城在微癢中醒來,原來是林貓離火在輕輕舔舐他臉上的淚水,他感激地將其抱到懷中,笑著說:“嗬嗬,剛才做夢了。”
“喵——”離火善解人意地叫了一聲。
此時,那群人已經停下了。想畢是離開了落鳳山脈的勢力範圍。城環顧四周,銀白色的月光下,周圍空無一物,廣袤的世界靜謐安祥。
“到開陽大草原了。”城抱放下離火,看見小舞已經生龍活虎地和那群傭兵圍繞在篝火旁的食物前。他起身走下馬車,朝眾人走去。小扁還在睡覺。
“恩人醒了。”年越花甲的長樺老團長已經醒來,在一顆鎮魂丹藥的養護下,他身體的創傷已經愈合,靈力還更勝往昔一籌,甚至有突破一層的感覺,他翕動著嘴唇站起來,拜倒在城的腳前,“恩人大恩大德,老朽萬死難忘!”
“別,別。”城忙將老人扶起,露出開朗的笑容,“老伯不要這樣,我也就路見不平,隨意出個手罷了。”
“對於恩人來說是隨意,但對於老朽來說,這可是天大的事。我們一群人性命不要緊,可這一百多件家傳甲胄可是關乎家族命運的,如今因恩人,我們不僅保全性命,還令甲胄一件不少,公子還為老朽這條草命耗費了一枚鎮魂丹。這,這,請公子受老朽一拜!”說著長樺老團長跪倒在地,其它人也紛紛跪下。
城沒有阻止,待他們拜完,他將他們扶起來,“在我看來,膝拜之禮大過性命,我已經受下了。所以,我們扯平了,以後不要再提報恩的事了。”
“可是,恩人——”
城忙阻止老人繼續嘮叨,笑著岔開話題,“你們做什麼呢?這麼香,小舞都已經開吃了。”
搭在篝火上的鐵鍋咕咕地翻著氣泡,肉香味肆溢,小舞毫不客氣地伸爪從鍋中取出一塊帶骨頭的肉,樂不可支地吃了起來。
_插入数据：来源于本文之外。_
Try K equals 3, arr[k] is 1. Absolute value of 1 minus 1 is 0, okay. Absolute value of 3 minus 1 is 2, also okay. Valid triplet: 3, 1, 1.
“嗬嗬,我們備了些鹿肉,剛才見公子睡得正香沒敢叫你,現在正好煮熟了。”占京副團長笑著說,“來,公子,這邊請。”
待一群人坐下,吃了些酒肉,隨著酒意漸濃,他們的話也越來越多。這時,一個比城大不了多少的青年,微熏著問城:“公子雖然修為沒到武宗,卻能力敵四層武宗,又有這麼厲害的訓獸,甚至還鎮魂丹都輕意拿出手,莫非真是偉大的雲獸王嫡傳?”
“胡鬧!”從小禮儀周全的老團長怒斥了那輕年一聲,“恩人的身世豈是我們能問的?!”
“沒事。”城笑著搖了搖手,“我這點修為哪裏配當他老人家的弟子?”
“公子說笑了,如果你的修為算是一點,那我們又算什麼啊?”占京舉著酒杯,敬城一下,然後一飲而盡:“公子年紀輕輕,為人耿直,心胸寬闊,將來定是人中之龍。”
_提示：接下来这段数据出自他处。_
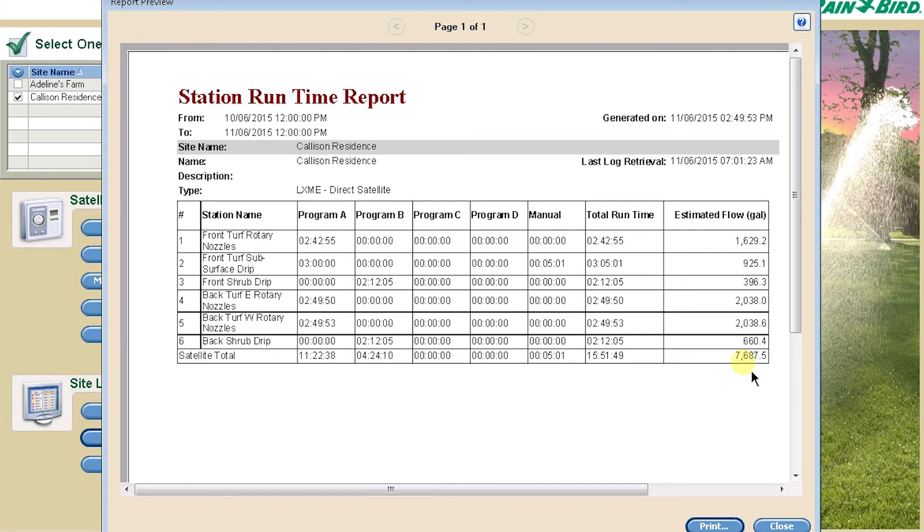On this particular system, you can see the total runtime for each station over the past month, as well as the estimated flow.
“嗬嗬,京叔說笑了。”城並沒有因為恭維沾沾自事,反倒心中暗生惆悵,“京叔,你給我講講獸王雲天的事跡吧。”
城的話剛落音,一群人不禁驚訝地看著他。
“公子身為訓獸師,竟然連我們木國千年第一獸王的事跡都不知道?”占京匪夷所思地說,本來他心中還覺得這個少年有一絲絲可能與獸王有關的。
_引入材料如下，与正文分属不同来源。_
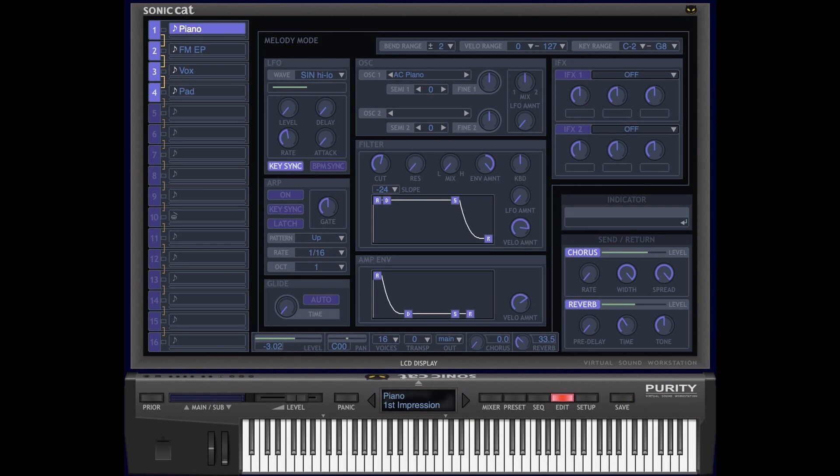The sequencer now allows step note changes by dragging. A possible note hanging issue has been fixed on program change events.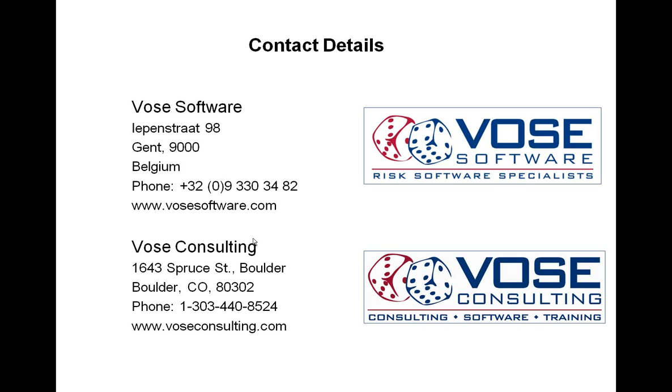You may also like to contact our sister company and main reseller, Vose Consulting, at these numbers here or via their website, www.voseconsulting.com, for any additional information or questions. Thank you.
“爺爺與我常年避世,很少與外界接觸,所以……”城尷尬地說。
“嗬嗬,我來給恩人說吧。”長樺老人捧著酒杯沉默片刻,這裏數他最見多識廣,“千年前,那時還不是萬國曆,而是造化曆9987年。雲獸王出生在我們木國一個落魄的農戶人家,因為鄉間野地極其閉塞,雲獸王在九歲時才被人發現其驚人的天賦,但是苦於沒有良師教導,村人隻能任其發展,也幫不了他一絲一毫,後來了為了補貼家用,尚年幼的他經常會隨村中獵人上山打獵,還多次救那些經驗豐富的老人,所以村中人對他都極其友好,他也非常愛護自己的鄉人。一日,他又與獵人上山,落日之時才回,回來時,他發現村子著火了,忙飛奔回來,眼前的一幕卻讓他麵如死灰。原來,在離村子最近的天涯城城主火雄之子帶著一群紈絝子弟外出打獵,路經村子,見一位村姑長相水靈,不由起了淫念,便將其捉回,欲行歹事,卻被村姑掙紮間咬傷了手,城主之子腦羞成怒,抽劍殺了村姑,但這還不解他心頭之恨,又喪心病狂地令手下殺光了村子裏老老少少共一百三十九名村民,其中包括雲獸王父母與其弟,臨走時一把火燒了村子。雲獸王含著血淚,埋了村人的屍骨,並在自己的父母墳塋前跪了整整三日,後來就消失了。有人說他去了木國第一大凶地不歸森林,也有人說他去了土國大凶地暗日大沼澤,眾說紛紜,至於年幼的雲獸王去了哪裏,誰也不知道,總之此事之後,三年沒有人聽聞這位木係天才的行蹤。三年之後,天涯城中街道上出現一位騎毛驢的少年,當然誰也沒在在意這位帶著一級訓獸師紋章的訓獸師。當時,正是天涯城城主攜家眾觀看護城兵演武之際,城中可謂是萬人空巷,演武場上威武的士兵虎嘯撼天,場邊人頭攢動,就在這個時候,少年雲獸王開啟了自己的訓獸紋章,令所有人都沒想到的是,從他的紋章的時空之門竟飛出一頭百丈長的渾身暗青色的六階翻雲蛟——”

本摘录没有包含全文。